SOURCE MATERIAL:

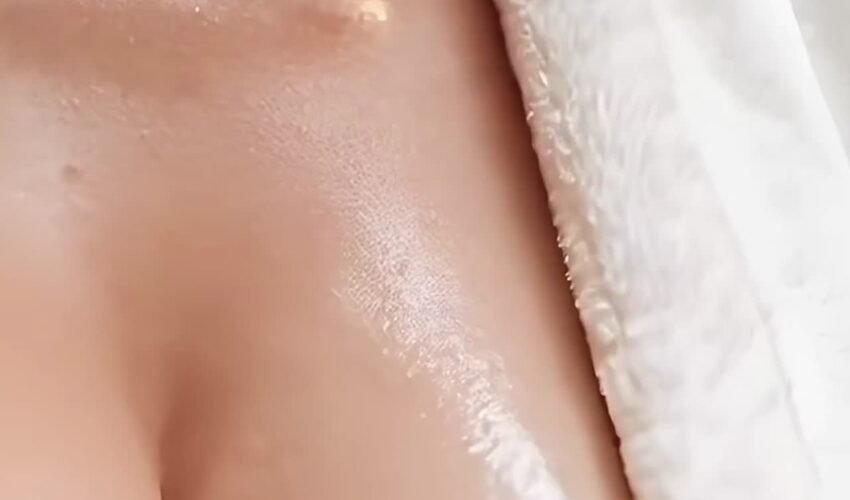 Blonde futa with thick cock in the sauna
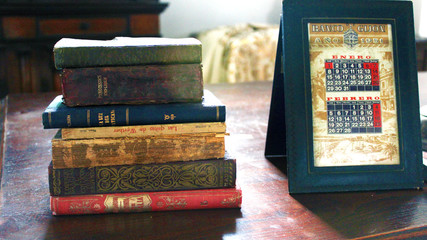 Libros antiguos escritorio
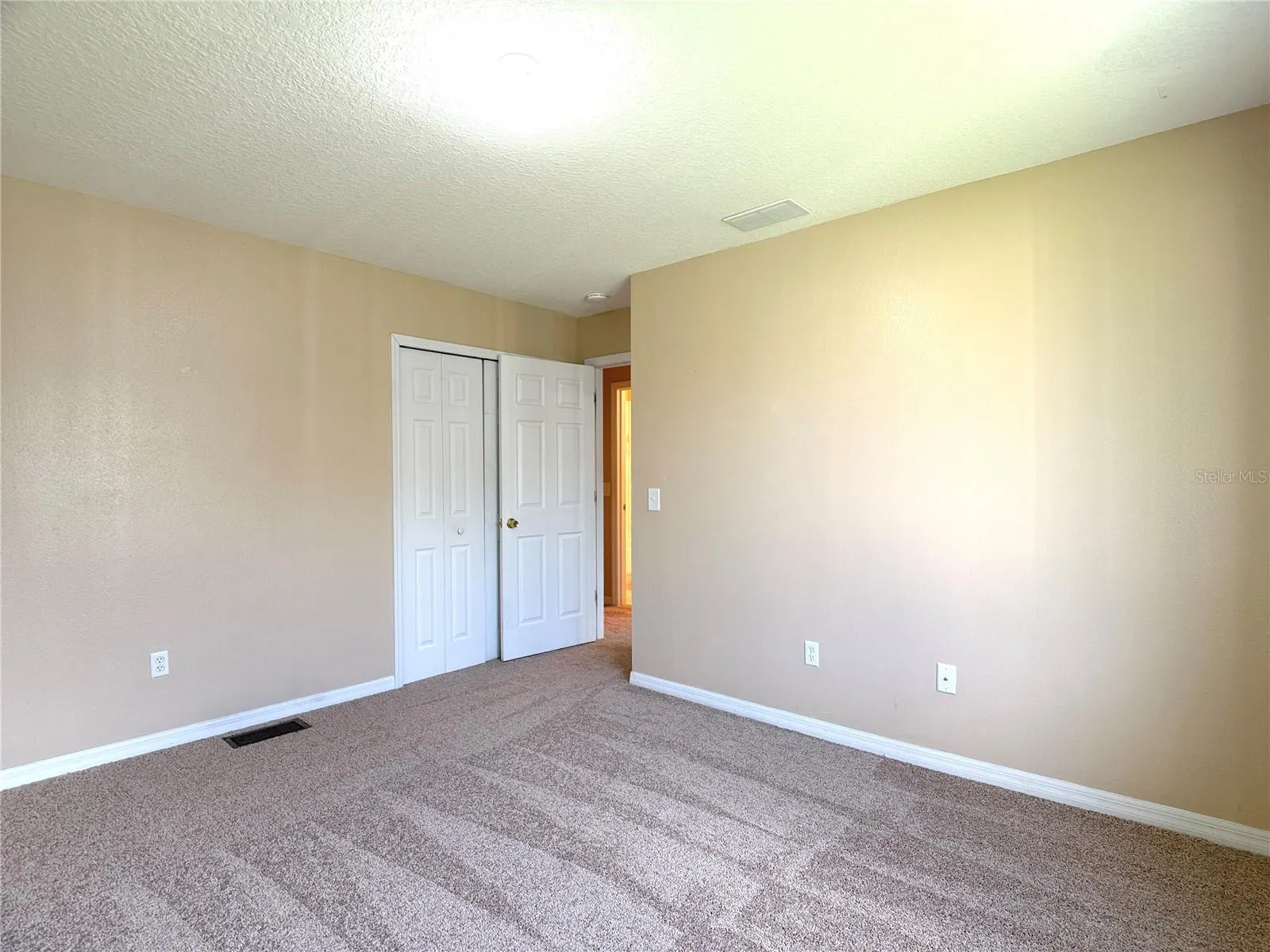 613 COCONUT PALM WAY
* * *
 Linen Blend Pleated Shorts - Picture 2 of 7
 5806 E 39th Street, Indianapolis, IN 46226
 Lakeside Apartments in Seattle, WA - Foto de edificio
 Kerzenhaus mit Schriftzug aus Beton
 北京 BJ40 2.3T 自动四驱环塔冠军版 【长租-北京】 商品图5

WORK TASK: Write out exactly the lines above between the one with "Blonde futa with thick cock in the sauna" and the one with "613 COCONUT PALM WAY", inclusive, with pictures left out.

RESULT FOR THIS TASK:
 Blonde futa with thick cock in the sauna
 Libros antiguos escritorio
 613 COCONUT PALM WAY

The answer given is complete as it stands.